Le bruit des boules qui s’entrechoquent rythme les parties qui s’enchaînent, depuis maintenant ce qui me semble être une éternité. Chaque match désigne un vainqueur et un perdant. Les vainqueurs finissent par jouer entre eux dans des parties plutôt spectaculaires, et les perdants font de même, dans des affrontements qui relèvent plus de la joyeuse pagaille qu’autre chose. Je pourrais sans doute relever de belles pépites, ou d’hilarantes bouffonneries si j’e prêtais attention à ce qui se passe autour de moi.
Mais je ne m’en occupe pas. Les seules choses qui accaparent toute mon attention à cet instant précis, ce sont les boules de couleurs sur ma table à moi. J’ignore même le visage de mon adversaire du moment. Seules les quatre boules en face de moi, et a fortiori la boule noire qui se dresse encore entre moi et ma victoire, comptent.
Il y en a deux unies, celles de mon adversaire, et une rayée, la mienne, en plus de la noire. Ces deux-là, sont placées chacune à des extrémités opposées de la table, près des trous. La bille blanche est au centre.

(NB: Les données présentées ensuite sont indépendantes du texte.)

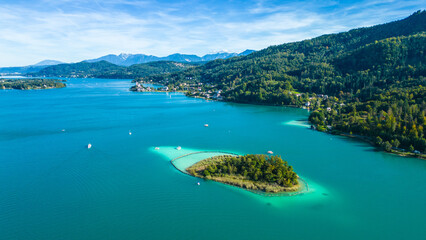 Aerial view of Portschach am Worthersee, Austria, with turquoise lake waters, boats, piers and alpine scenery. Popular summer holiday destination for relaxation, wellness and tourism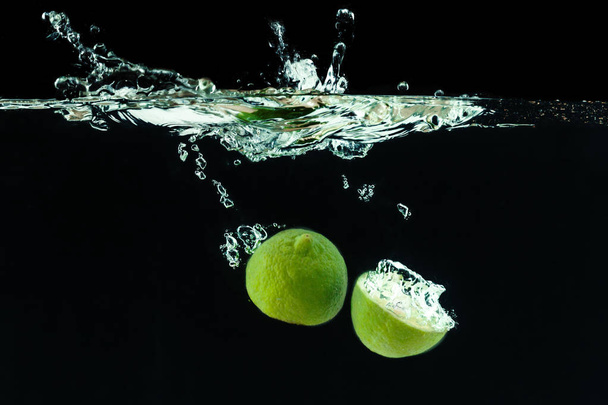 Fresh lime dropped into water with splash - Foto, Imagen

La manœuvre s’annonce périlleuse. Un truc que je n’ai encore jamais tenté jusque-là. Mais je reste serein. En temps normal je serais dévoré par le stress, surtout si près de la victoire, du match comme du pseudo tournoi dans lequel je me suis bêtement embarqué. Mais pas ce soir. Non, ce soir mon humeur est au beau fixe : l’appréhension s’est fait la malle, la flemme est allée se rhabiller, et on n’a plus aucunes nouvelles de la solitude et de la morosité. Bref, ce soir tout est parfait !
Je me concentre, visualise la trajectoire qui m’amènera à la victoire, place précisément ma queue de billard et prend instinctivement position. Je tire. Puissance du coup calculée, précision froide et imparable. La bille file droit sur la boule en face de moi, ricoche dessus, elle tombe dans le trou : et d’une. La bille continue sa course et frappe ma seconde boule, à ma gauche, légèrement sur le côté, celle-ci file donc dans le sens opposé emportant une des boules de mon adversaire avec elle, et fini dans le trou que j’avais prévu : et de deux. Victoire !
Je lève alors la tête et jette enfin un œil à celui que je viens d’éliminer.
" Revanche ?, je propose avec un air de défi. Sean, le mec en face de moi, court sur pattes et bâti comme un tank (comme tout haltérophile confirmé qui se respecte) fait " non " de la tête en levant les mains en l’air, signe de reddition.
-Pas moyen ! j’arrête les frais moi. Charles !, s’écrit-il alors pour apostropher le grand gringalet, qui viens lui aussi de perdre lamentablement face à Cole. Arcade ?
-Tout ce que tu veux mec, tant qu’on est loin de ce démon !, lui répond-t-il, dépité par sa troisième défaite à plate couture d’affilée. "
Je les regarde s’éloigner tous les deux, le géant ayant passé son bras autour des épaules du Popeye antillais. Pfff, décidément j’ai vraiment pas eu d’bol à la loterie de la génétique moi. " Pourtant, c’est quand-même toi que tu gagnes les parties du billard ! " je claironne dans ma tête, avec un sourire tout fier sur le visage.
Un petit coup de coude dans les côtes me ramène sournoisement à la réalité.
" Tiens tiens tiens, mais on dirait que c’est toi qui affiches un sourire benêt maintenant. Sourire que j’aurais effacé d’ici quelques minutes, fais-moi confiance.
-T’oseras jamais, le défis-je. C’est beaucoup trop rare de me voir sourire pour que tu trouves l’audace de me l’enlever.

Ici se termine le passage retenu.